Person grabbing their stomach

As the holidays approach, tempting treats seem to multiply at home, at work— pretty much everywhere. Your stress levels are also compounded by endless to-do lists at this time of year.

If you indulge on snacks as a result, it’s understandable, and even expected to some degree. But some pains linked to overeating should not be brushed off with a “‘tis the season” shrug.

“We’re usually a little more lax with our diet at the holidays, when overeating is encouraged,” says Dr. Felix Spiegel, MD, general gastrointestinal surgeon at Memorial Hermann Medical Group (MHMG) Memorial City.  

Still, not everyone fares well when they’re stuffed. If you feel burning, chest pain, cramps or bloating regularly after eating, you may have a digestive issue that needs addressing regardless of the time of the year. 

Dr. Spiegel breaks down what may ail you—and how to handle it. 

Heartburn 

Signs: When you overeat, your stomach distends because there’s not enough space for your food and digestive juices. This causes digestive acids to back up into your chest, which results in heartburn.

“If you were feeling perfectly fine before you started eating and then feel indigestion, severe acid reflux or bowel distress within an hour or two, the amount you ate or the food combinations may be to blame,” Dr. Spiegel says.

If you’re nauseous or still feel poorly six to 12 hours after eating, you may have a stomach virus or food poisoning. “Bacteria takes time to incubate,” says Dr. Spiegel.

Triggers: Beyond overindulging, heartburn symptoms can be triggered by certain foods and drinks. Garlic, onions, spicy foods, chocolate and alcohol—especially red wine—can be culprits.

Prevention: Avoid overeating, or at least eat something to coat the stomach before having food that is likely to give you heartburn. You could take antacids or acid blockers for a few days before drinking red wine, Dr.
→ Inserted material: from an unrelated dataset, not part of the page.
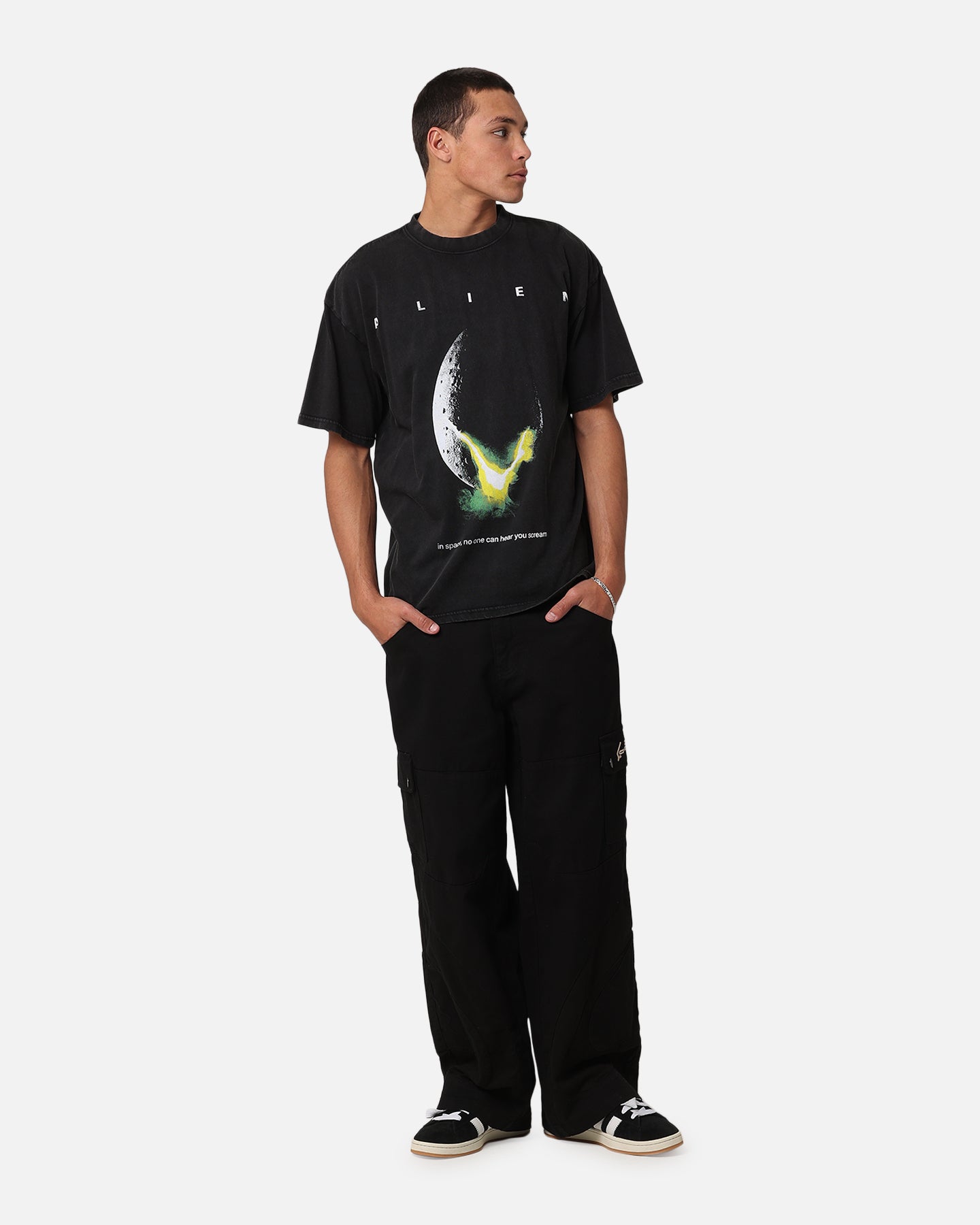 73Studio Alien Classic Vintage T-Shirt Black Acidwash | Culture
Spiegel says.

Avoid depriving yourself of food during the day and overcompensating all at once. “If you don’t eat much the day of a feast, you may be starving and more likely to gorge,” he says.

Instead, try eating at least one regular meal and mentally prepare to avoid huge portions and second helpings. “Eat what’s healthy first. And just because food and alcohol are present doesn’t mean you have to have all of it.”

Treatment: Occasional heartburn that can be tied to the holidays isn’t a health hazard that requires special treatment.

GERD

Signs: If heartburn is continuous despite curbing indulgences, you may have acid reflux, or GERD, which stands for gastroesophageal reflux disease.

This means the stomach acid that’s needed to digest your food repeatedly backs up into the esophageal tube linking your throat and stomach. Such backwash, or acid reflux, can irritate the lining of your esophagus. It also can cause morning hoarseness since acid has reached your vocal cords during the night while you were sleeping. 

When to seek treatment: “If you have acid rising into your throat with accompanying heartburn once in a few weeks, that may be a sign to avoid the foods that trigger it,” Dr. Spiegel says. “But if you have heartburn that lasts more than a few hours and more than a couple of times weekly, see a doctor.”

A gastroenterologist may order an upper gastrointestinal endoscopy, in which a narrow flexible tube with a camera and light is lowered through your throat into your stomach. Another test, pH monitoring, measures the amount of acid rising into the esophagus.

Treatment: Besides avoiding certain foods, you can treat the symptoms by taking over-the-counter drugs—antacids and acid blockers—to control your stomach acid.

But you must avoid prolonged use of acid blockers, such as omeprazole. “Recent studies show that staying on those medications for long periods can cause complications,” Dr. Spiegel says. “You may still have acid reflux, but just don’t feel it.” These complications can lead to irreversible effects causing gastric polyps, a possible precursor for cancer.

Surgical solutions also exist to reduce or prevent acid from refluxing back up into the esophagus.

Related Conditions and Treatments: If not corrected, long-lasting GERD that has persisted for months or years can lead to Barrett’s esophagus, a condition in which the esophageal lining is damaged due to acid exposure. This condition can in turn lead to esophageal cancer, which can be life-threatening.

“Signs may not develop until cancer is advanced and a blockage makes it difficult to eat,” Dr. Spiegel says. “That’s why endoscopy is important for anyone who has persistent GERD.”

Tests also may reveal other conditions such as a hiatal hernia, which refers to weakening of the diaphragm, or muscles at the lower end of the esophagus. This form of hernia can allow part of the stomach and acids to enter the esophagus.

Smoking, stress and obesity can lead to a hiatal hernia. Though medications may mask the problem, they won’t fix it in the long term.

But such a hernia can be fixed surgically, often on an outpatient basis, Dr. Spiegel says. “It’s not major surgery unless it’s been neglected for years.”